The purpose of this article is to highlight some recent concepts on oxygen sensing mechanisms at the carotid body chemoreceptors. Most available evidence suggests that glomus (type I) cells are the initial site of transduction and they release transmitters in response to hypoxia, which in turn depolarize the nearby afferent nerve ending, leading to an increase in sensory discharge. Two main hypotheses have been advanced to explain the initiation of the transduction process that triggers transmitter release. One hypothesis assumes that a biochemical event associated with a heme protein triggers the transduction cascade.

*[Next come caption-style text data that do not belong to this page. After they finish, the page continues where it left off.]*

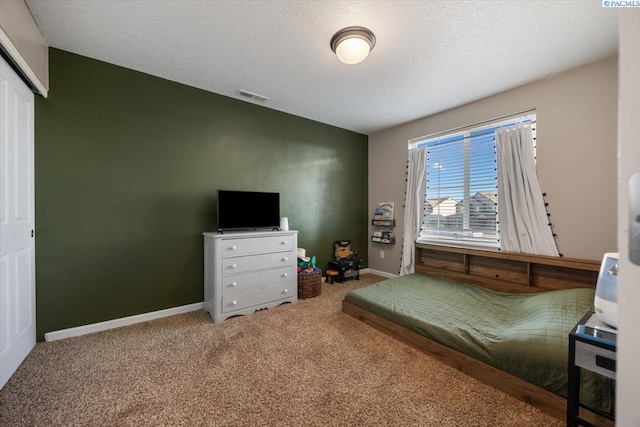 unfurnished bedroom with visible vents, baseboards, carpet, a textured ceiling, and a closet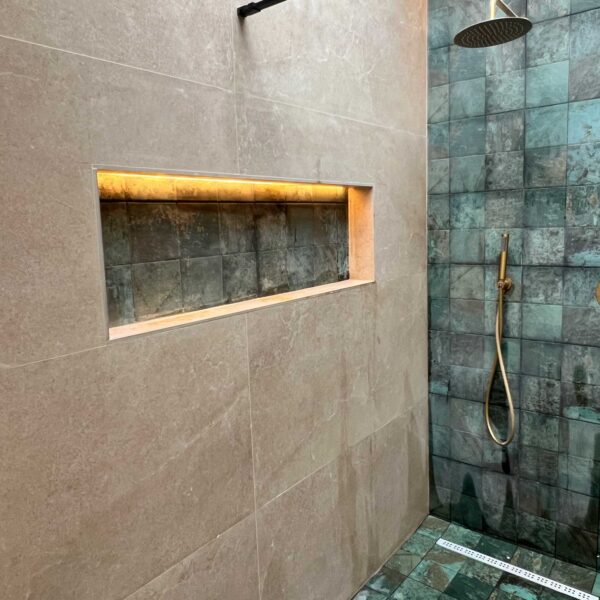 Baño reformado con mueble suspendido, lavabo de piedra y sanitario blanco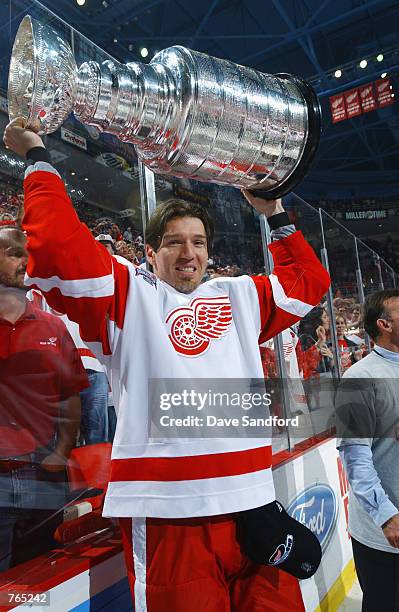 Uwe Krupp of the Detroit Red Wings raises the Stanley Cup after defeating the Carolina Hurricanes during game five of the NHL Stanley Cup Finals on...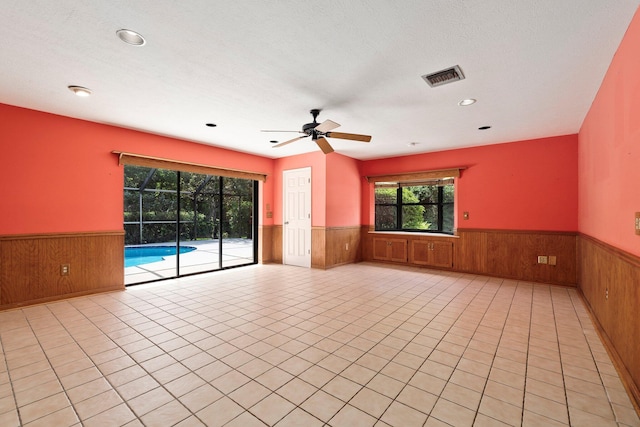 4904 River Pl, Fort Pierce, FL 34982 - empty room with wainscoting, wood walls, a ceiling fan, recessed lighting, and light tile patterned flooring
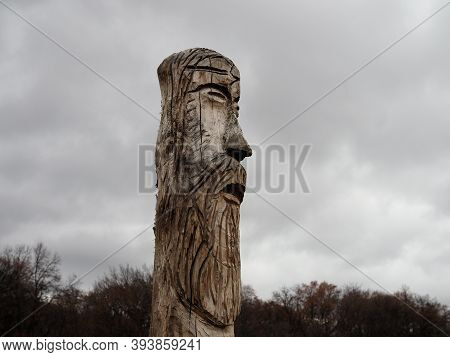 Wooden Idol Of The Slavic God Perun Near The Path In The Forest. Gloomy Forest In The Background And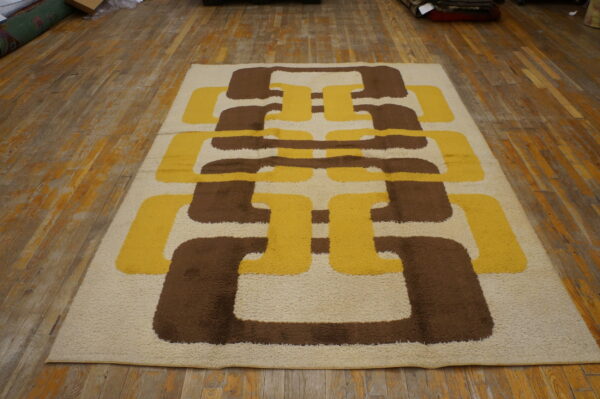 High-pile rug with interlocking geometric shapes in cream, golden yellow, and dark brown on wood flooring.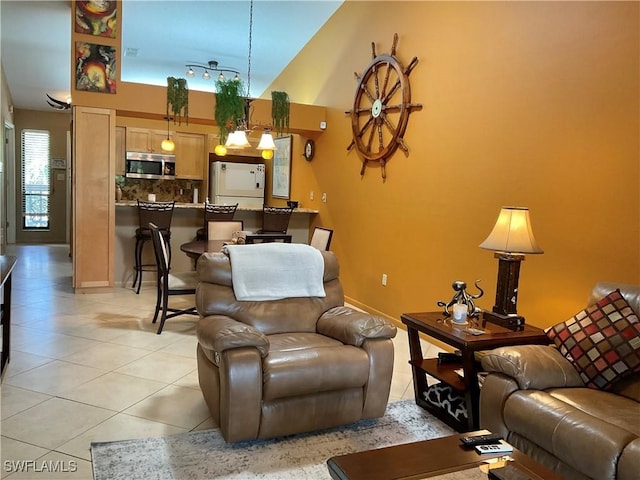 16276 Nautical Way Unit 1402, Bokeelia, FL 33922 - living room featuring light tile patterned flooring and a high ceiling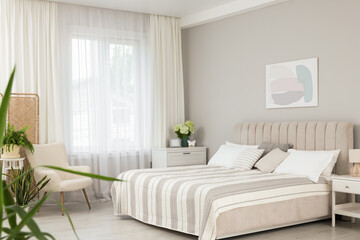 Large bed, nightstand, chest of drawers, armchair and window with curtains in bedroom. Interior...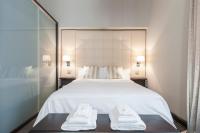 A bed or beds in a room at Milan Royal Suites - Centro Cadorna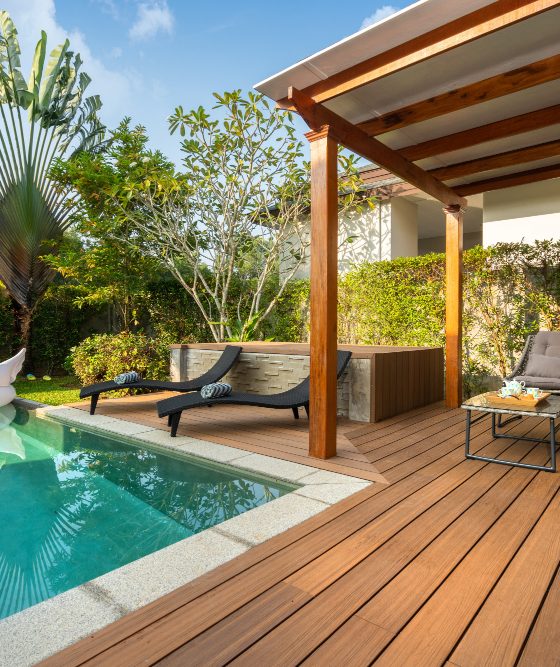 Une déco terrasse piscine en bois avec un pool house et des meubles tendance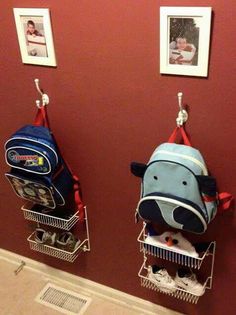 three backpacks hanging from hooks on a red wall with pictures and photos above them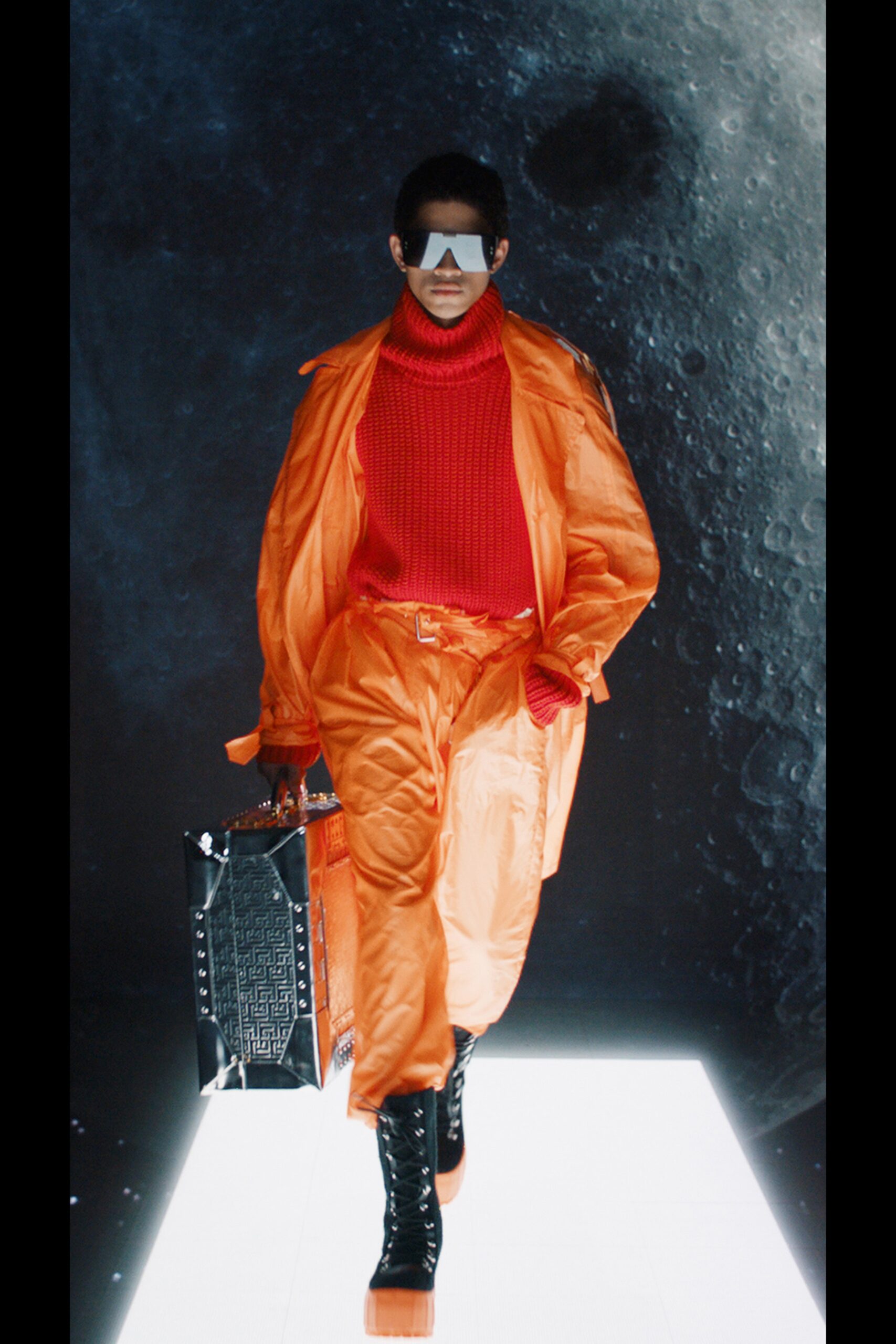 orange vinyl coat with red sweater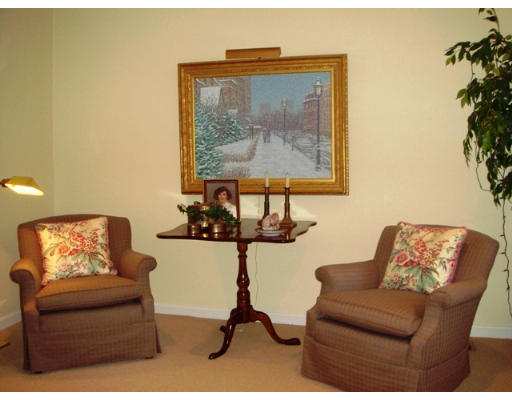 63 Garden Road, Unit G5 Wellesley, MA 02481 - Photo 17 of 19 a living room with furniture and a window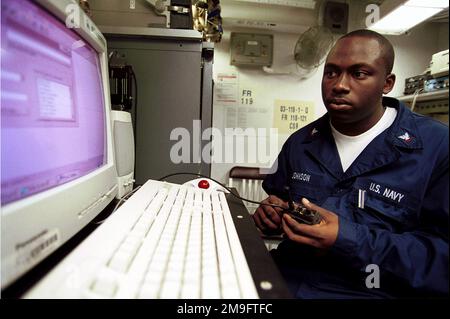 US Navy Electronics Technician Third Class performs maintenance on the ...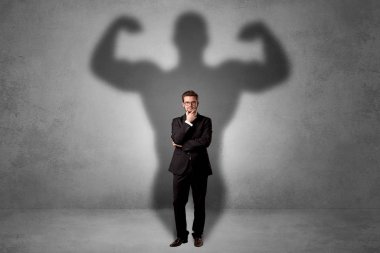 Businessman with muscular shade behind his back clipart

Supporting this idea it has been shown that hypoxia affects mitochondrial cytochromes. In addition, there is a body of evidence implicating non-mitochondrial enzymes such as NADPH oxidases, NO synthases and heme oxygenases located in glomus cells. These proteins could contribute to transduction via generation of reactive oxygen species, nitric oxide and/or carbon monoxide. The other hypothesis suggests that a K(+) channel protein is the oxygen sensor and inhibition of this channel and the ensuing depolarization is the initial event in transduction. Several oxygen sensitive K(+) channels have been identified. However, their roles in initiation of the transduction cascade and/or cell excitability are unclear. In addition, recent studies indicate that molecular oxygen and a variety of neurotransmitters may also modulate Ca(2+) channels. Most importantly, it is possible that the carotid body response to oxygen requires multiple sensors, and they work together to shape the overall sensory response of the carotid body over a wide range of arterial oxygen tensions.